DATA BELOW
_____
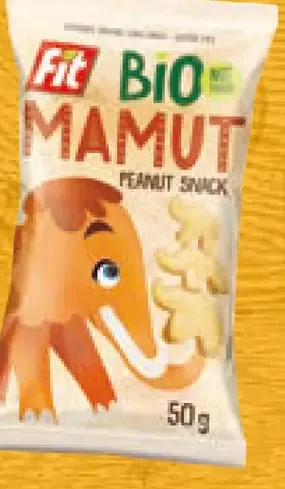 Fit Bio Mamut Arašidové chrumky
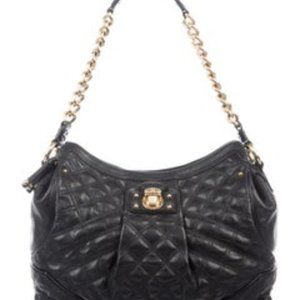 Authentic MARC JACOBS Quilted Leather Shoulder Bag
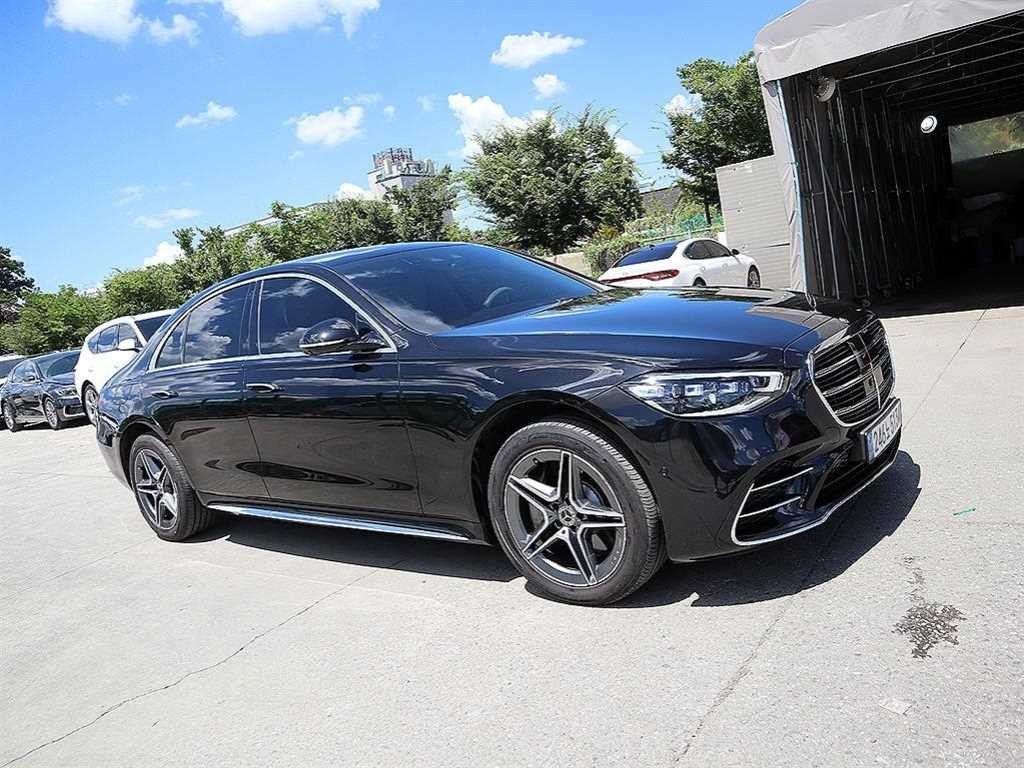벤츠 S 클래스 S클래스-W223 S400 d 4MATIC 이미지 20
_____
PROBLEM DESCRIPTION
Here the lines from the one containing "Authentic MARC JACOBS" through the end of the material are to be copied exactly, with the pictures omitted.

SOLUTION BELOW
 Authentic MARC JACOBS Quilted Leather Shoulder Bag
벤츠 S 클래스 S클래스-W223 S400 d 4MATIC 이미지 20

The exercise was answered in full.